Python not giving free memory back to the os get's me in real problems ...

Thu Apr 26 08:04:08 EDT 2007

leuchte at gmail.com wrote:
> Our (python-)macro uses massively nested loops which are unfortunately
> necessary. These loops perform complex calculations in this commercial
> tool. To give you a quick overview how long this macros runs:
> 
> The outer loop takes 5-7 hours for one cycle. Each cycle creates one
> outputfile. So we would like to perform 3-5 outer cycles en bloc.
> Unfortunately one of our computers (768MB RAM) crashes after just ~10%
> of the first cycle with the following error message:
> 
> http://img2.freeimagehosting.net/uploads/7157b1dd7e.jpg
> 
> while another computer (1GB RAM) crashes after ~10% of the fourth
> loop. While the virtual memory on the 1gb machine was full to the
> limit when it crashed the memory usage of the 768mb machine looked
> this this:

While Python won't return memory to the OS, this is not
the same as a memory leak.

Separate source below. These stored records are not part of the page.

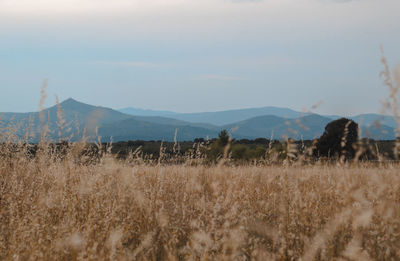 Panoramic view of field against sky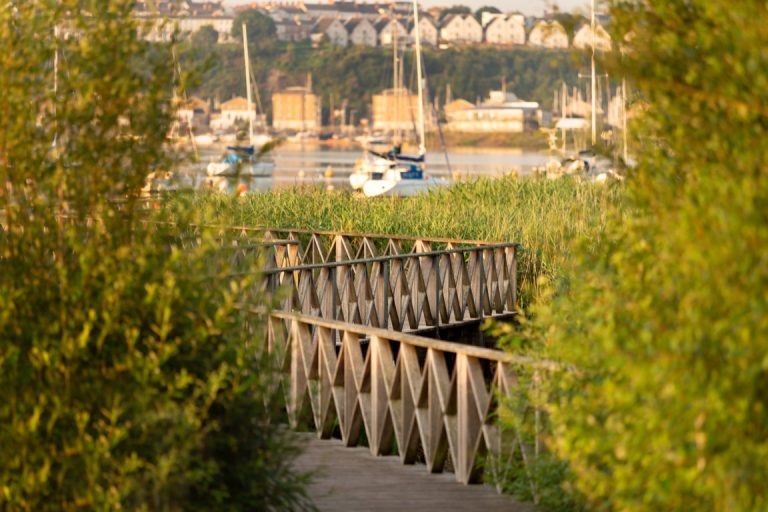 Cardiff Bay Wetlands Reserve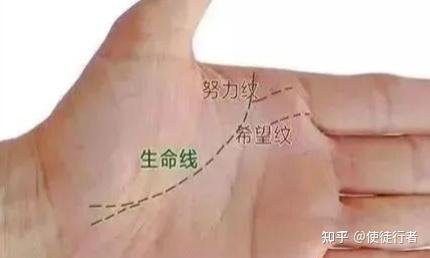 Palmistry drawing showing small lines climbing from the Life Line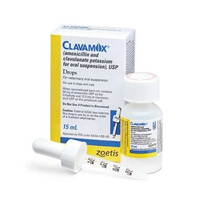 CLAVAMOX Drops 15 ML 62.5 MG Oral Suspension Antibiotik Anjing Kucing Hewan Zoetis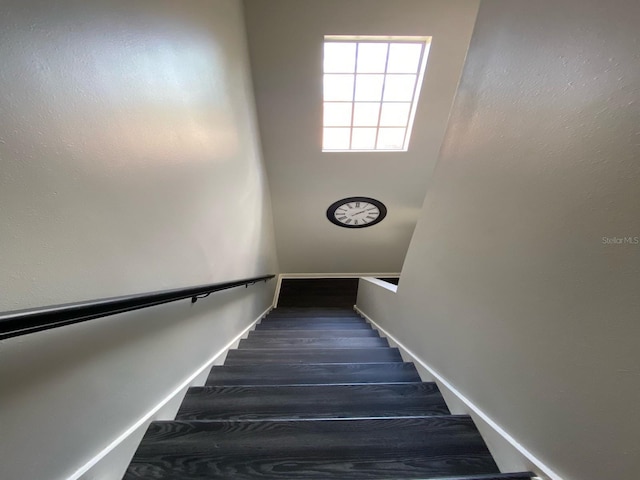 staircase with hardwood / wood-style floors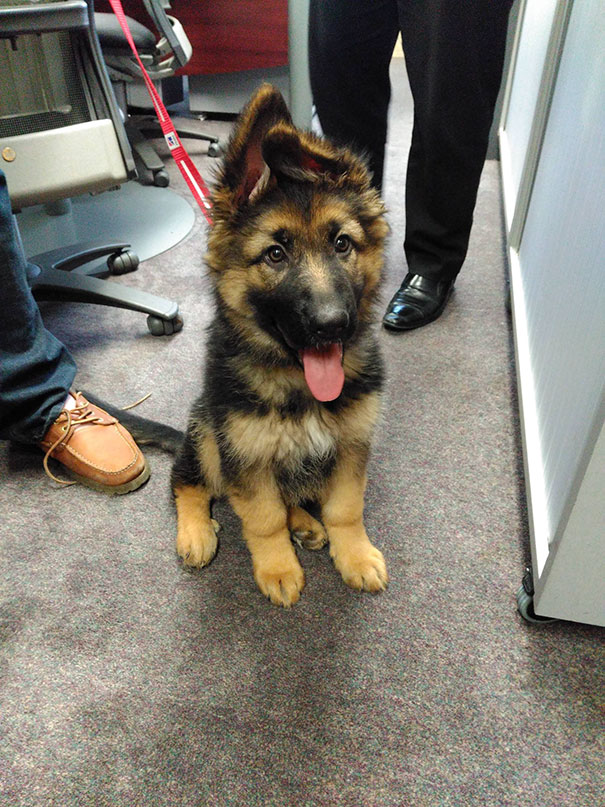 My Boss Got A Puppy And Brought Her Into The Office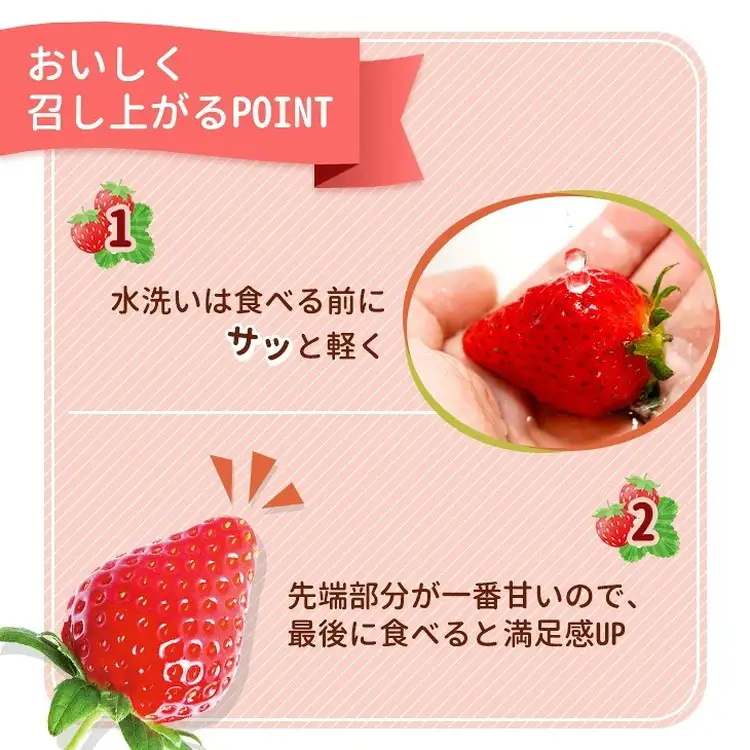 《数量限定》紅白セット（とちあいか・ミルキーベリー） 270g×2パック 540g以上 ｜いちご イチゴ 苺 先行予約 栃木県 果物 くだもの フルーツ デザート とちあいか ミルキーベリー 新鮮 贈答 ギフト 食べ比べ ※2027年1月～発送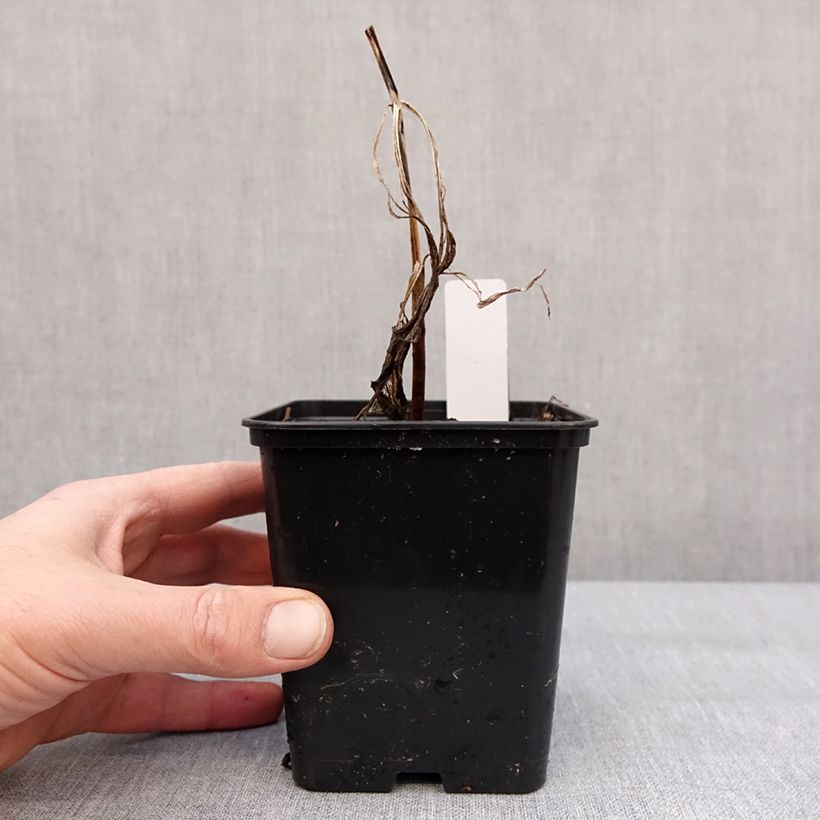 Exemplaar van Cypripedium Emil - Vrouwenschoentje Pot van 1 l/1,5 l zoals geleverd in de winter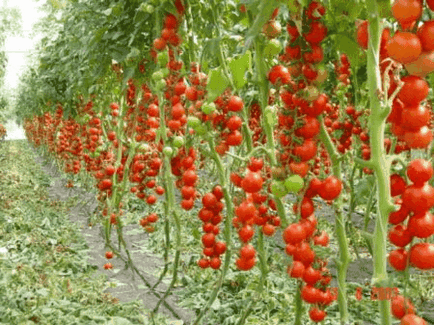 Как да засадят домати в оранжерията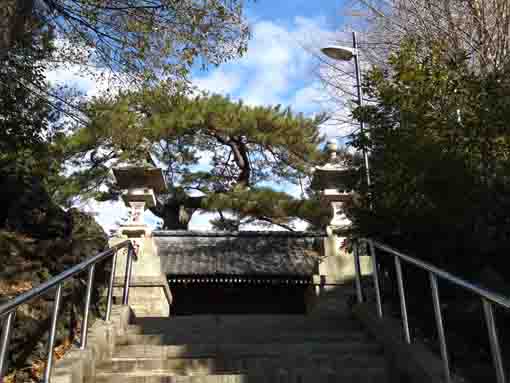 the approach steps in Katsushika Jinja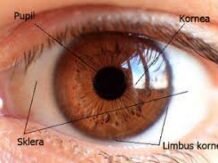 Dampak Gadget pada Kesehatan Mata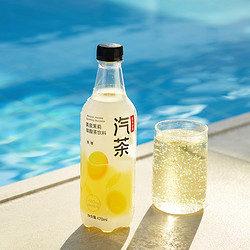 NONGFU SPRING 农夫山泉 汽茶 470ml*15瓶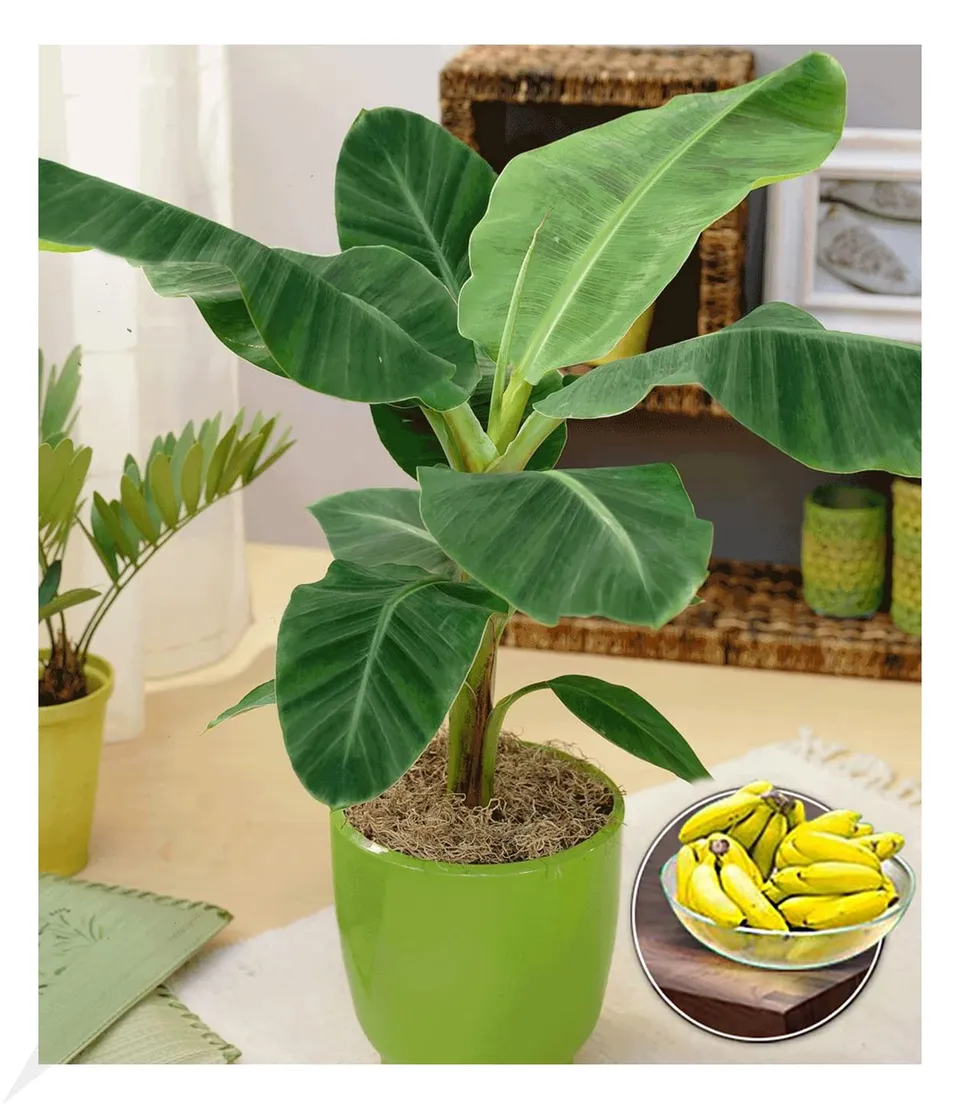 baldur-garten-musa-banana-tropicana-pflanze-im-12-cm-topf image 1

When your Python program is
done using some objects, the memory they needed can be
used by other Python objects in the same process. The
process size should never grow bigger than the actually
needed memory at a point in time.

The (not only) Python problem is that the virtual memory
of your process will never shrink, once it has attained
its maximum size. Since the unused parts of its virtual
memory will be paged out to disk, this is probably not
big a problem anyway.

If you have a long running process that you want to
keep slim, it might be worth factoring out the memory
intensive parts to separate processes like this in your
macros:

for x,y,z in outer_loop_sequence:
     os.system('python the_real_worker.py %s %s %s' % (x,y,z))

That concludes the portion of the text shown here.